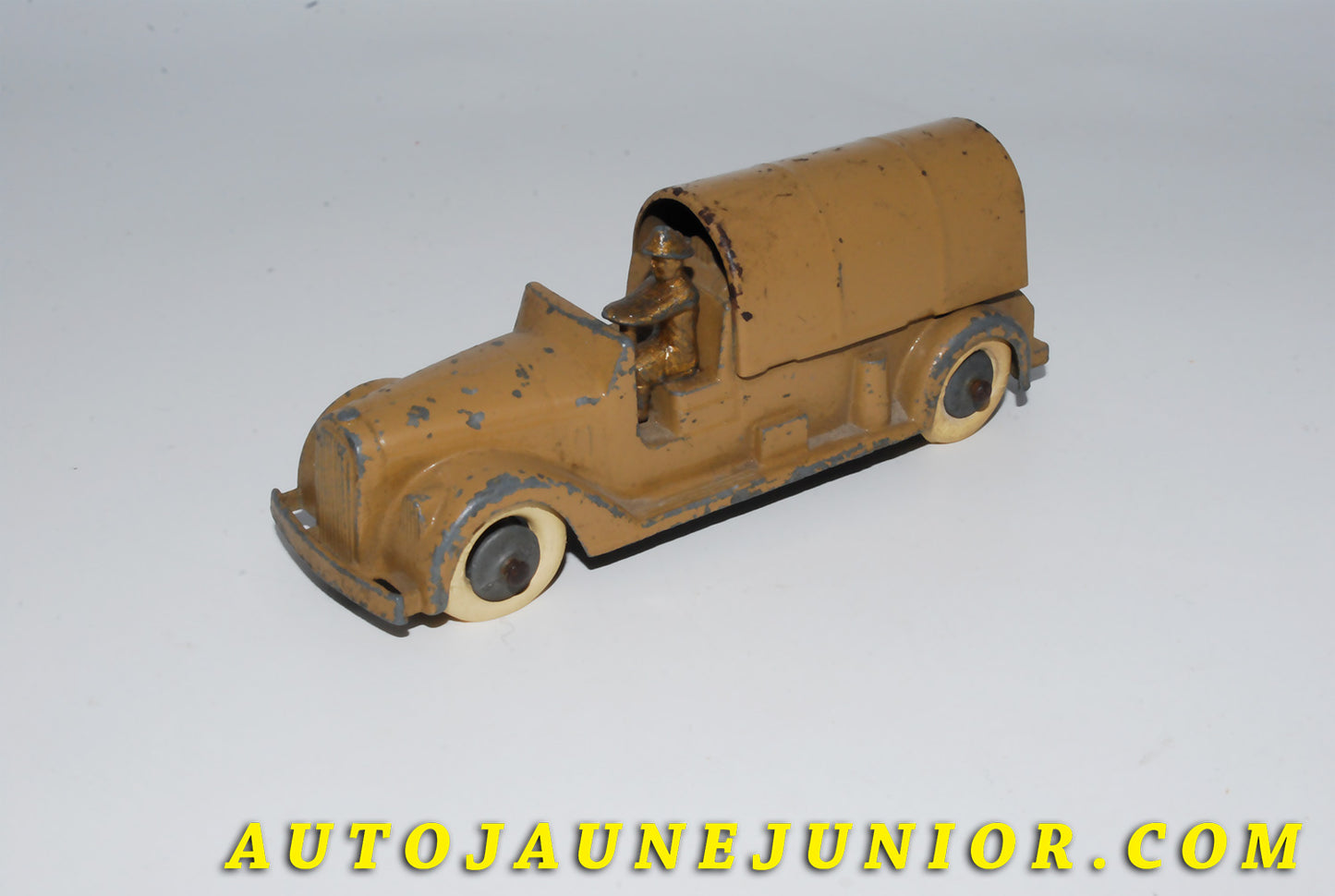 Le #4146 - Tootsietoys - Camion - torpédo bâché militaire  est en vente sur Auto Jaune Junior ! Découvrez nos collections de diecast Dinky-Toys, Corgi, Corgi-Toys, Solido, Norev… Découvrez notre magasin physique , AutoJaune Paris, ouvert en 1984 par Vincent Espinasse. 41 rue Cavendish, 75019 Paris. Tel : 01 42 40 61 23. Ouvert les mardi et vendredi de 13h à 19h. 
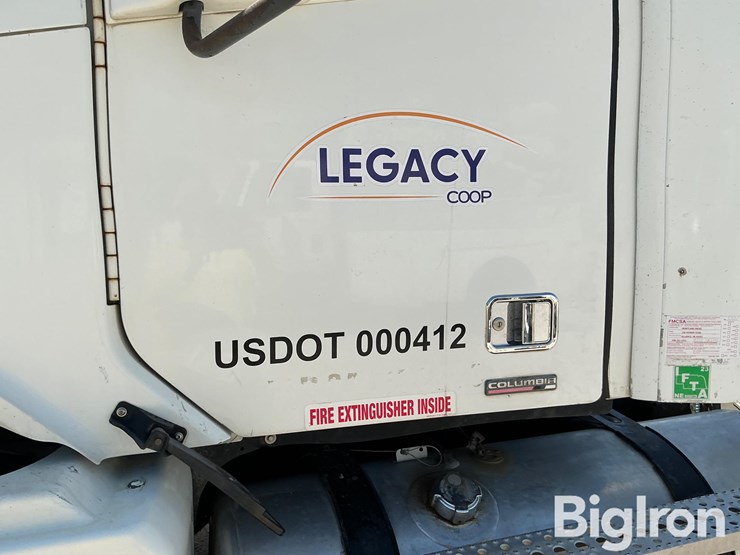 2008-freightliner-columbia-120-image-11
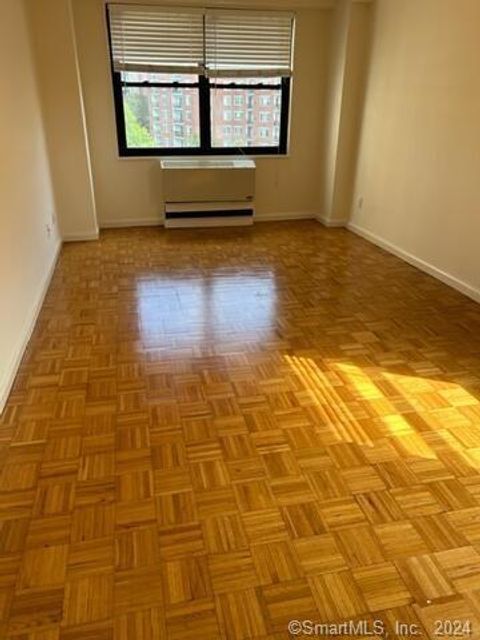 Tiny photo for 79 Prospect Street #7E, Stamford, CT 06901 (MLS # 24157541)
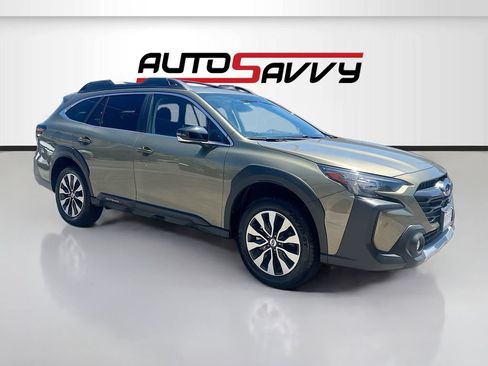 Used 2025 Subaru Outback Limited AWD/4WD image 1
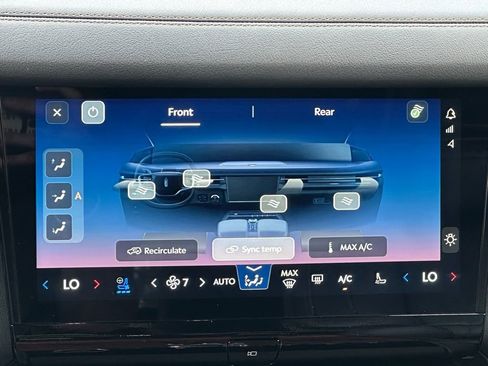 New 2025 Lincoln Navigator L Black Label AWD/4WD image 15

------------------------------------

- **Description of the task**: Would you write out all of the records exactly, omitting the pictures?

- **Exercise result**:
 Le #4146 - Tootsietoys - Camion - torpédo bâché militaire  est en vente sur Auto Jaune Junior ! Découvrez nos collections de diecast Dinky-Toys, Corgi, Corgi-Toys, Solido, Norev… Découvrez notre magasin physique , AutoJaune Paris, ouvert en 1984 par Vincent Espinasse. 41 rue Cavendish, 75019 Paris. Tel : 01 42 40 61 23. Ouvert les mardi et vendredi de 13h à 19h. 
 2008-freightliner-columbia-120-image-11
 Tiny photo for 79 Prospect Street #7E, Stamford, CT 06901 (MLS # 24157541)
 Used 2025 Subaru Outback Limited AWD/4WD image 1
 New 2025 Lincoln Navigator L Black Label AWD/4WD image 15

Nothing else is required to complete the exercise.